Josh pensait aux primes qu’il allait toucher si « Le Pacificator » accordait le premier point à son équipe. Il était satisfait par les prouesses de son poulain, tout comme le Premier ministre qui lui adressa d’un geste de la tête son admiration. L’entraînement de son joueur dans sa propriété lunaire en basse gravité avait affiné l’agilité et la rapidité du joueur. Il volait, zigzaguant entre les obstacles, évitant les attaques des intercepteurs. La dernière partie du parcours était la plus difficile : le royaume des Chevaliers-Plast, armés de fusils à billes, redoutables murs de défense. Sous le commandement de l’un des plus vicieux des Chevaliers-Plast, l’illustre « Crazy Horse », qui dans son armure peinte en rouge sang était la hantise des joueurs de Kill Painter. Le Pacificator de l’Union Afro-européenne piqua vers le sol à pleine vitesse. Il avait réussi une magnifique looping arrière et avait dépassé les dernières défenses sous les sifflements des billes d’acier tirées par les Chevaliers-Plast pour lui faire lâcher la Balle. Dans son casque, il jubilait, n’ayant comme objectif que la ligne d’en-but adverse.

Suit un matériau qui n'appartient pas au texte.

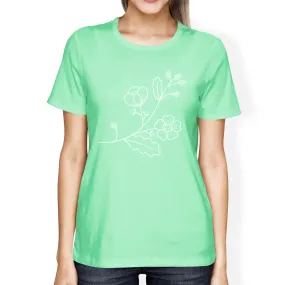 Flower Women's Mint Short Sleeve Graphic T Shirt For Flower Lovers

Son jeune propriétaire serait fier de lui.
— Plus que quelques mètres, et le premier point de la grande finale ! Mes chers citoyens du monde, nous vivons là un très grand moment… Historique, même… Du jamais vu auparavant… Un joueur hors pair, qui doit faire le bonheur de son jeune propriétaire. Le digne héritier de l’Honorable Hirohito Amada… Nous sommes en direct…
Les cacophonies médiatiques s’en donnaient à cœur joie, hurlant dans leurs micro-casques le maximum d’informations dans un minimum de temps. Tous les regards étaient tournés vers les Holécrans, eux-mêmes braqués sur le vol parfaitement exécuté par le « Pacificator de Tambacounda » qui allait donner l’avantage aux champions en titre.
Soudain, venant d’on ne sait où, une volée de micro-missiles A.F.C. (à fusion contrôlée) surgit devant le jouet virevoltant qui appartenait à Josh. Un silence incompréhensible, dans un stade en surchauffe fanatique, se fit instantanément lorsque le « Pacificator de Tambacounda » ainsi qu’une partie du terrain furent soufflés dans un grand éclair de lumière.